__RAW DATA__
===

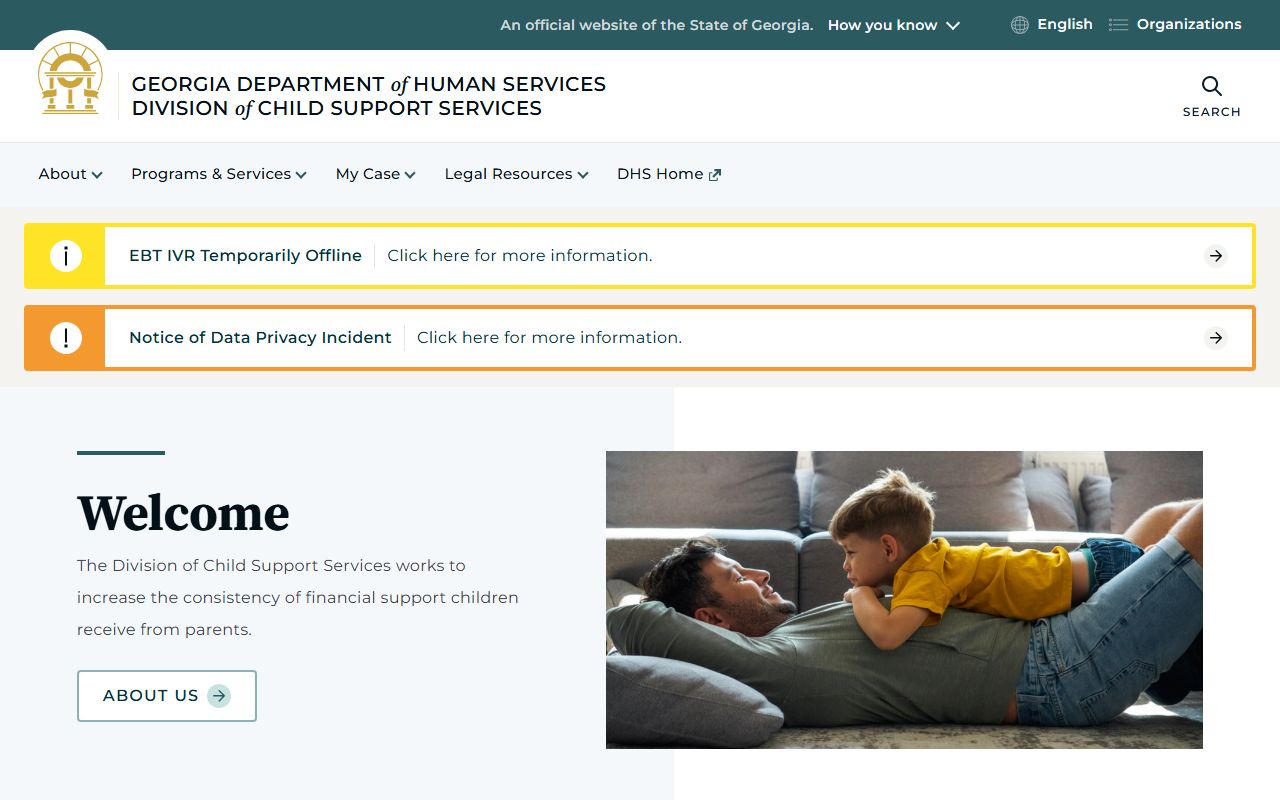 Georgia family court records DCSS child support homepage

===

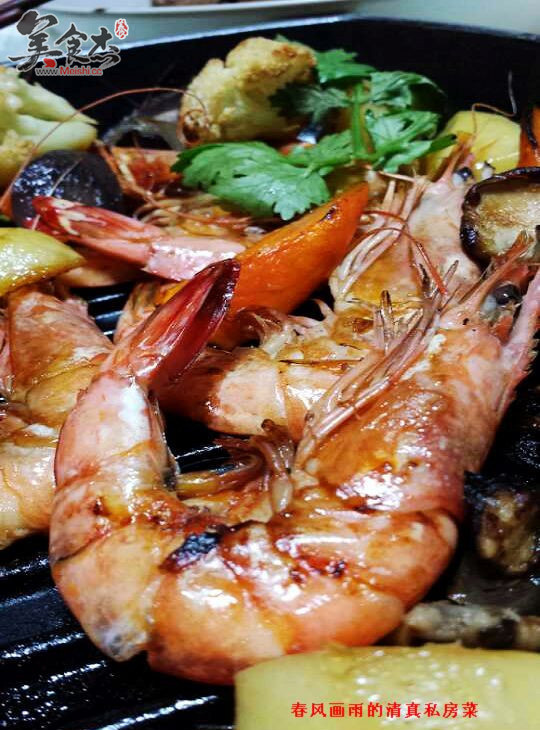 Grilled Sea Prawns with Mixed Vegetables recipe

===

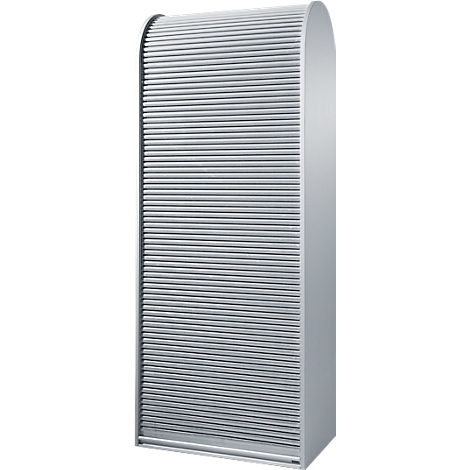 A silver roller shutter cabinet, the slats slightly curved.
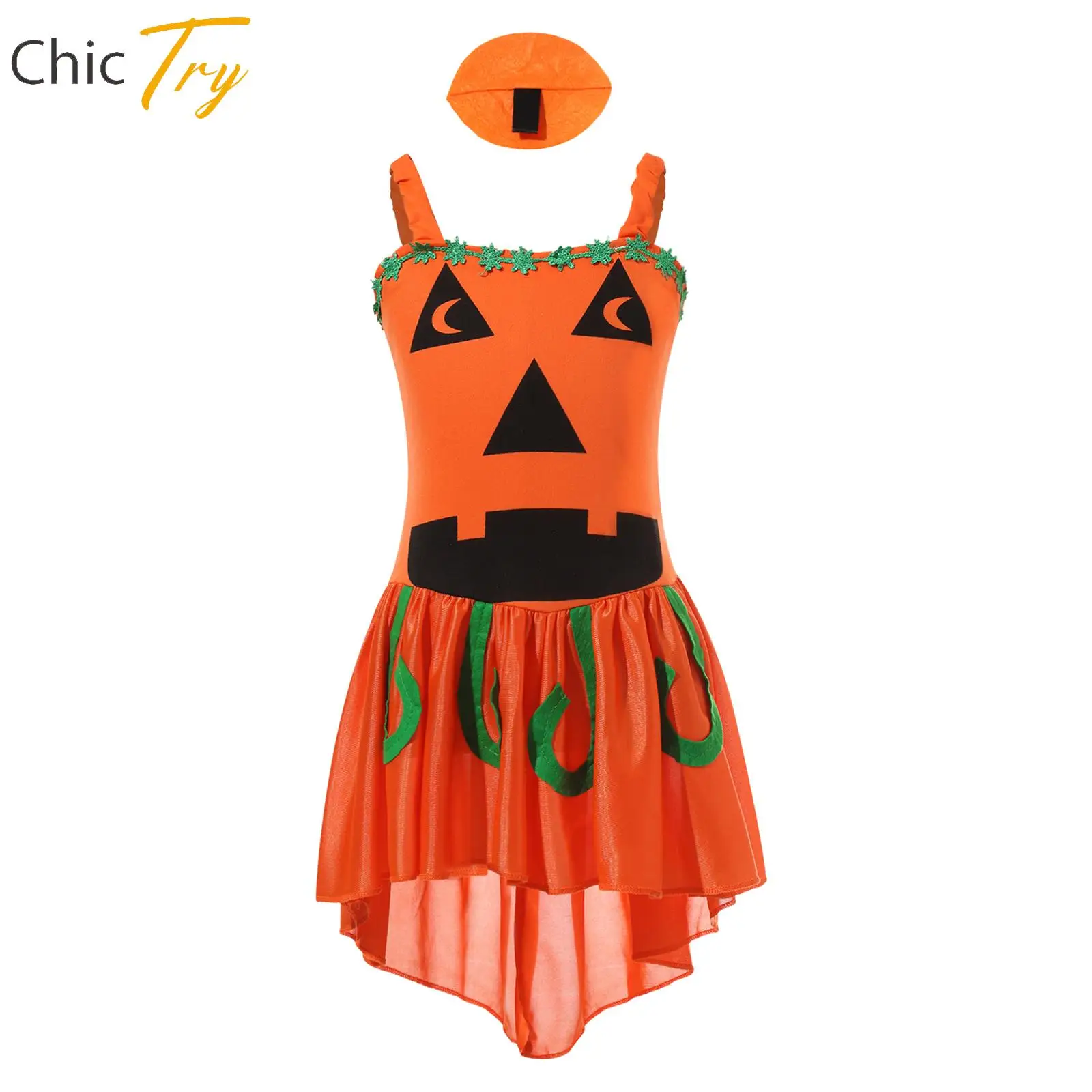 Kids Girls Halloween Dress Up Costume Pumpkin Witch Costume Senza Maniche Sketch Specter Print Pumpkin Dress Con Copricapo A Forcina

===

__HOW TO COMPLETE THIS TASK__
Output only the lines above from the line that holds "A silver roller" through the line that holds "Kids Girls Halloween", both ends included, and exclude pictures.

__EXPECTED OUTPUT__
 A silver roller shutter cabinet, the slats slightly curved.
 Kids Girls Halloween Dress Up Costume Pumpkin Witch Costume Senza Maniche Sketch Specter Print Pumpkin Dress Con Copricapo A Forcina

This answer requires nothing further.